### EXERCISE
Only the text of the records, copied exactly, is wanted; no pictures.

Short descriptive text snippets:
|---|

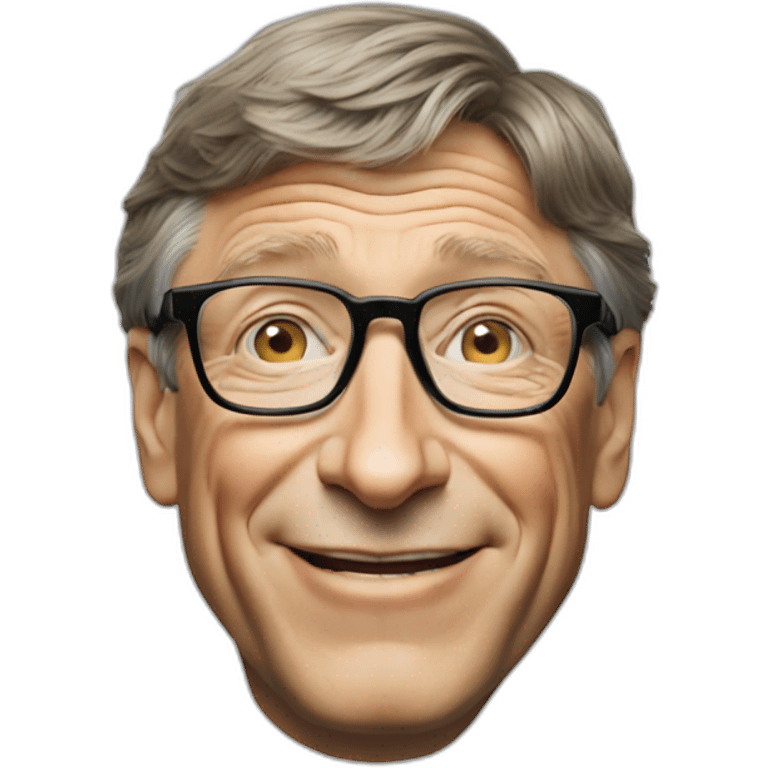 bill gates emoji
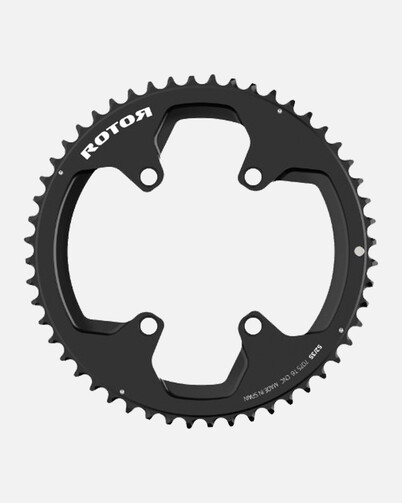 Rotor Round Rings 2-speed 110mm 4-Hole 50T Outer Chainring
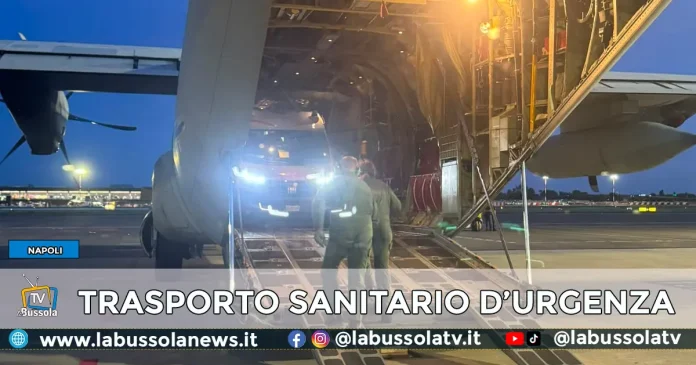 TRASPORTO SANITARIO D'URGENZA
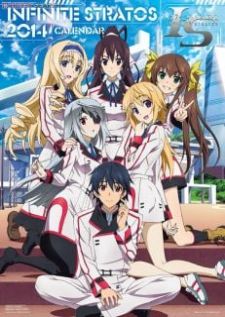 Infinite Stratos ปฏิบัติการรักจักรกลทะยานฟ้า ภาค1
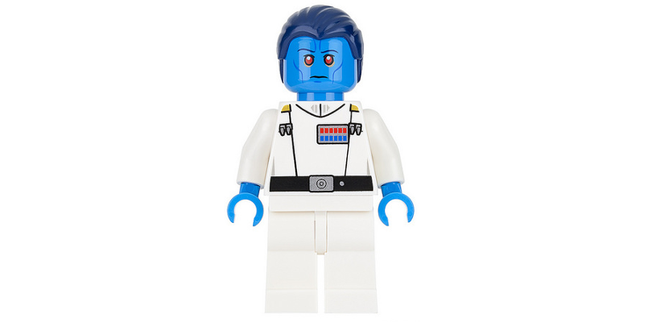 Minifig sw0811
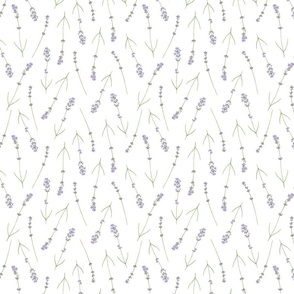 Lavender pattern 8x8 225pixels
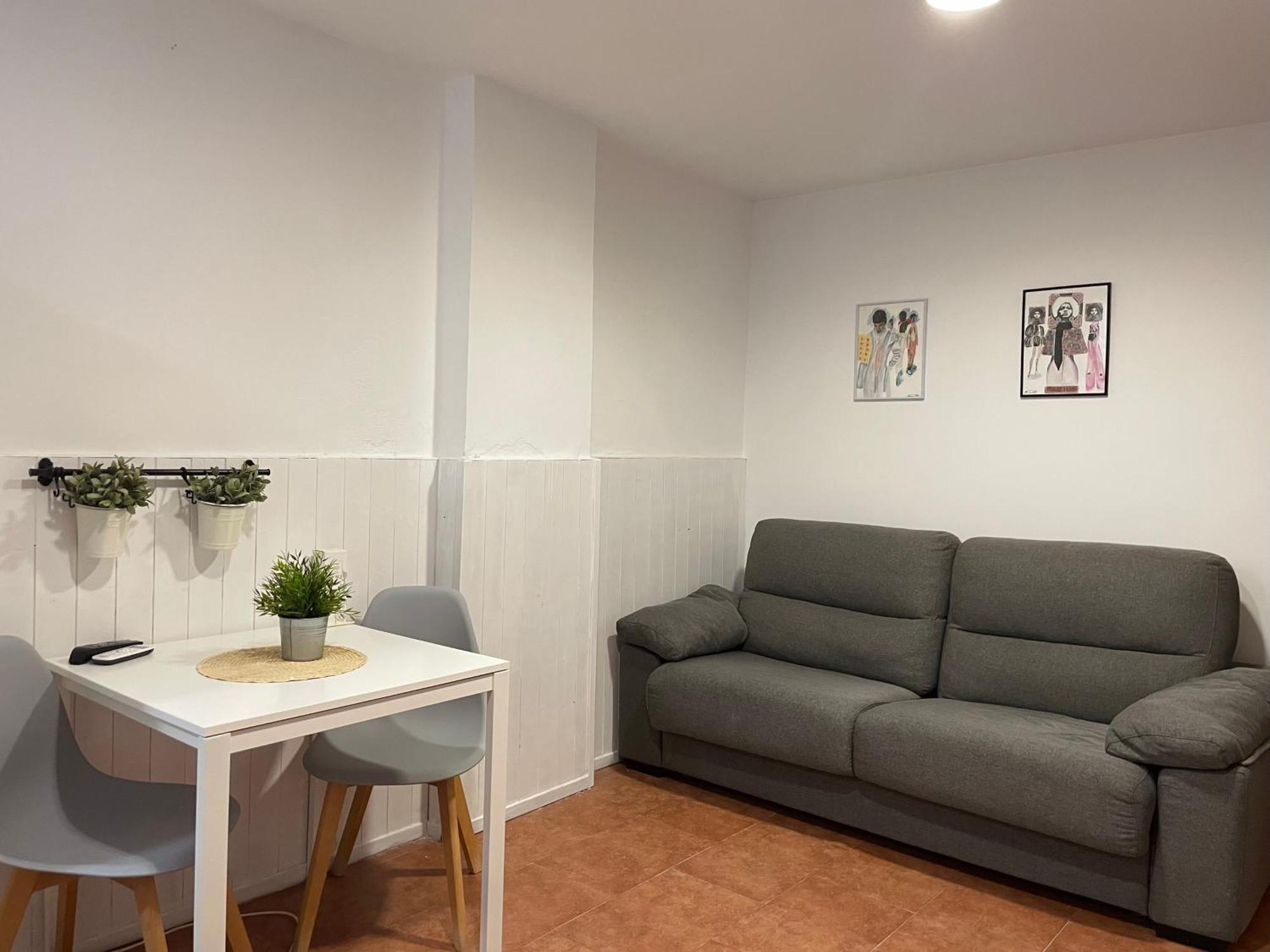 グラナダAl-Mansurアパートメント 部屋 写真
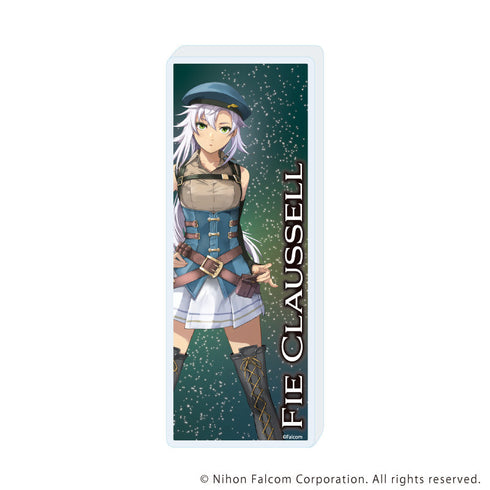『英雄伝説 界の軌跡』ミニアクリルブロック19/フィー・クラウゼル(公式イラスト)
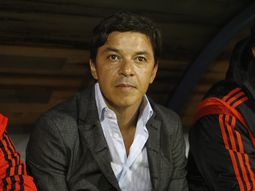 para gallardo, river fue mas que boca en el primer superclasico de 2016 para gallardo, river fue mas que boca en el primer superclasico de 2016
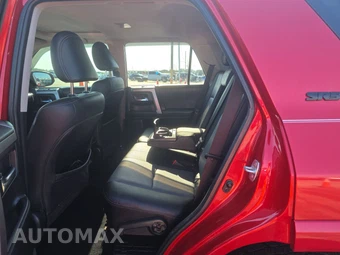 2022 Toyota 4Runner SR5 Premium – miniatura 13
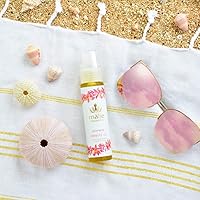 Malie Organics All Natural Organic Therapeutic Botanical Beauty Oil 2.25oz — image 3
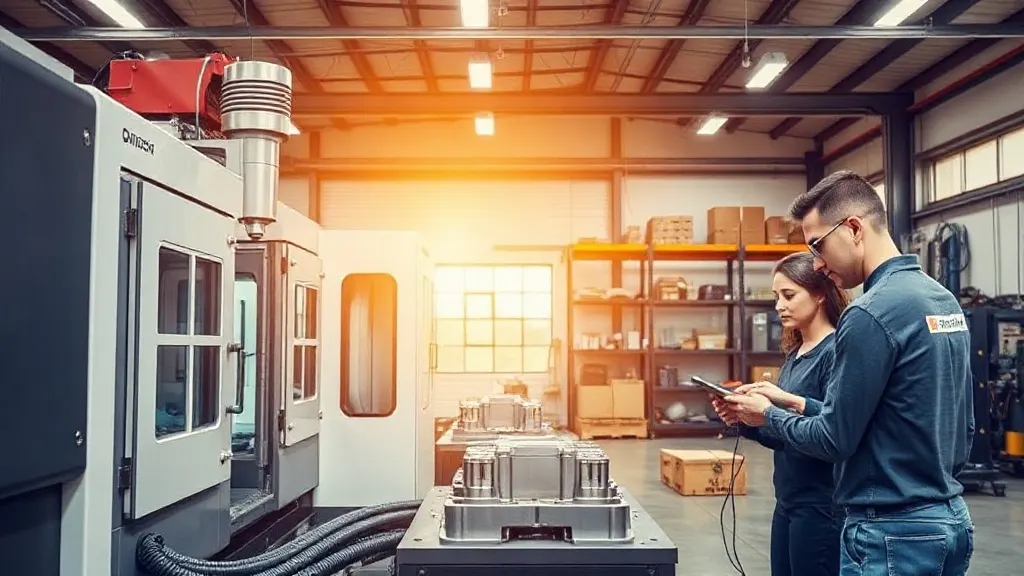 Adıyaman Tut CNC Kalıp İmalatı Hizmetleri ve Fırsatları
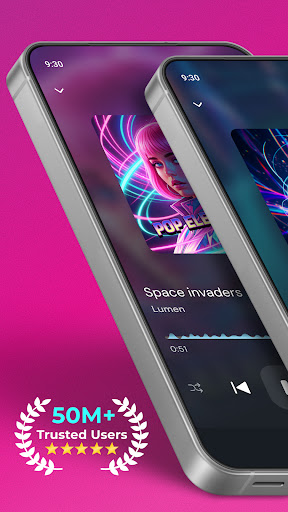 Audio & Music Player screenshot 6
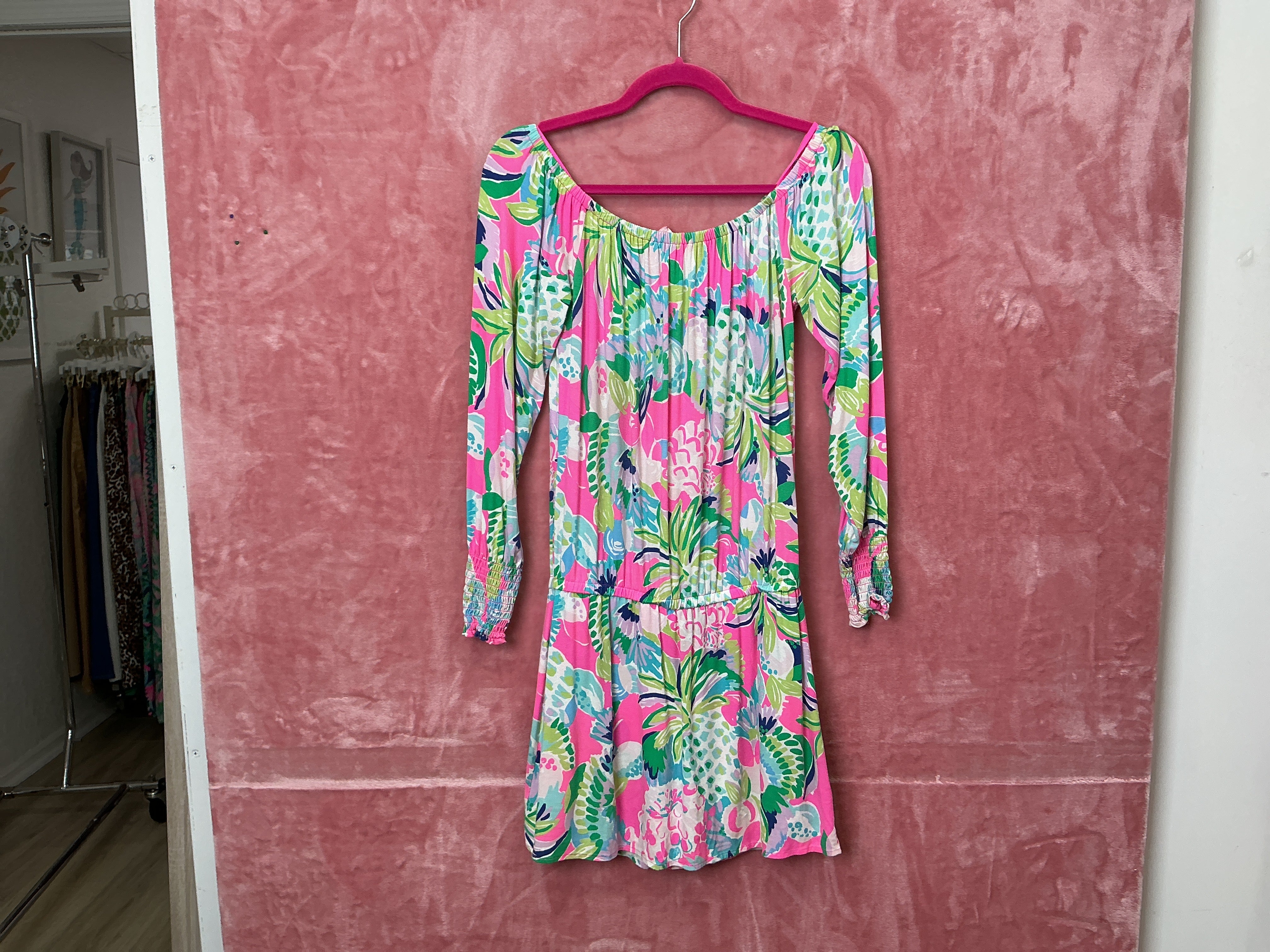 Lilly Pulitzer Romper - Size XS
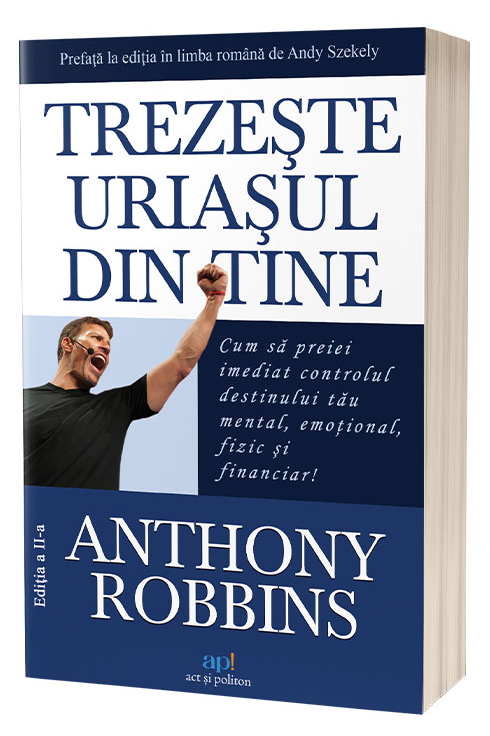 Trezeste uriasul din tine | Tony Robbins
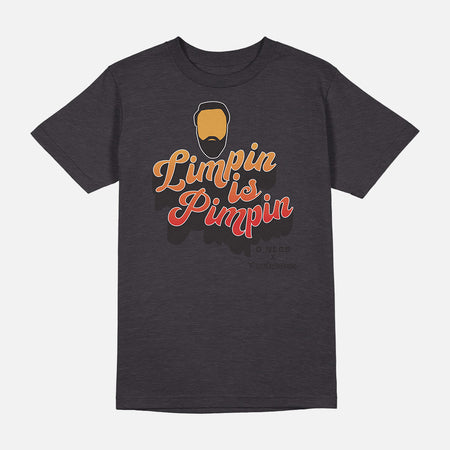 DNEGS LIMPIN IS PIMPIN SHIRT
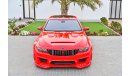 BMW M5 HAMANN - AED 2,708 Per Month! - 0% DP!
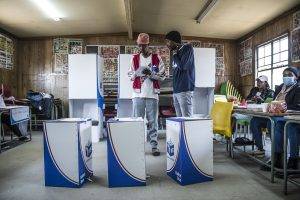 2024: The year democracy was tested in Africa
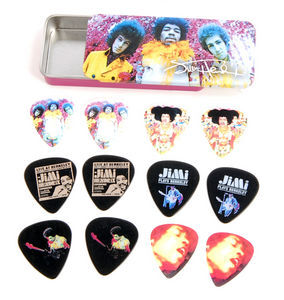 Dunlop Jimi Hendrix Plektrum Are you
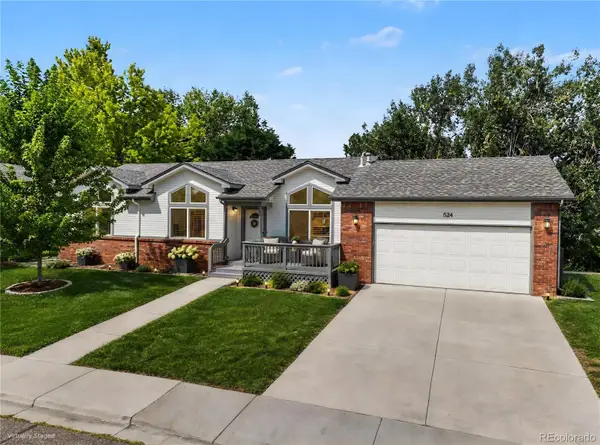 524 E 16th Avenue, Longmont, CO 80504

|---|

### RESPONSE TO THE TASK
 bill gates emoji
 Rotor Round Rings 2-speed 110mm 4-Hole 50T Outer Chainring
 TRASPORTO SANITARIO D'URGENZA
 Infinite Stratos ปฏิบัติการรักจักรกลทะยานฟ้า ภาค1
 Minifig sw0811
 Lavender pattern 8x8 225pixels
 グラナダAl-Mansurアパートメント 部屋 写真
『英雄伝説 界の軌跡』ミニアクリルブロック19/フィー・クラウゼル(公式イラスト)
 para gallardo, river fue mas que boca en el primer superclasico de 2016 para gallardo, river fue mas que boca en el primer superclasico de 2016
 2022 Toyota 4Runner SR5 Premium – miniatura 13
 Malie Organics All Natural Organic Therapeutic Botanical Beauty Oil 2.25oz — image 3
 Adıyaman Tut CNC Kalıp İmalatı Hizmetleri ve Fırsatları
 Audio & Music Player screenshot 6
 Lilly Pulitzer Romper - Size XS
 Trezeste uriasul din tine | Tony Robbins
 DNEGS LIMPIN IS PIMPIN SHIRT
 BMW M5 HAMANN - AED 2,708 Per Month! - 0% DP!
 2024: The year democracy was tested in Africa
 Dunlop Jimi Hendrix Plektrum Are you
 524 E 16th Avenue, Longmont, CO 80504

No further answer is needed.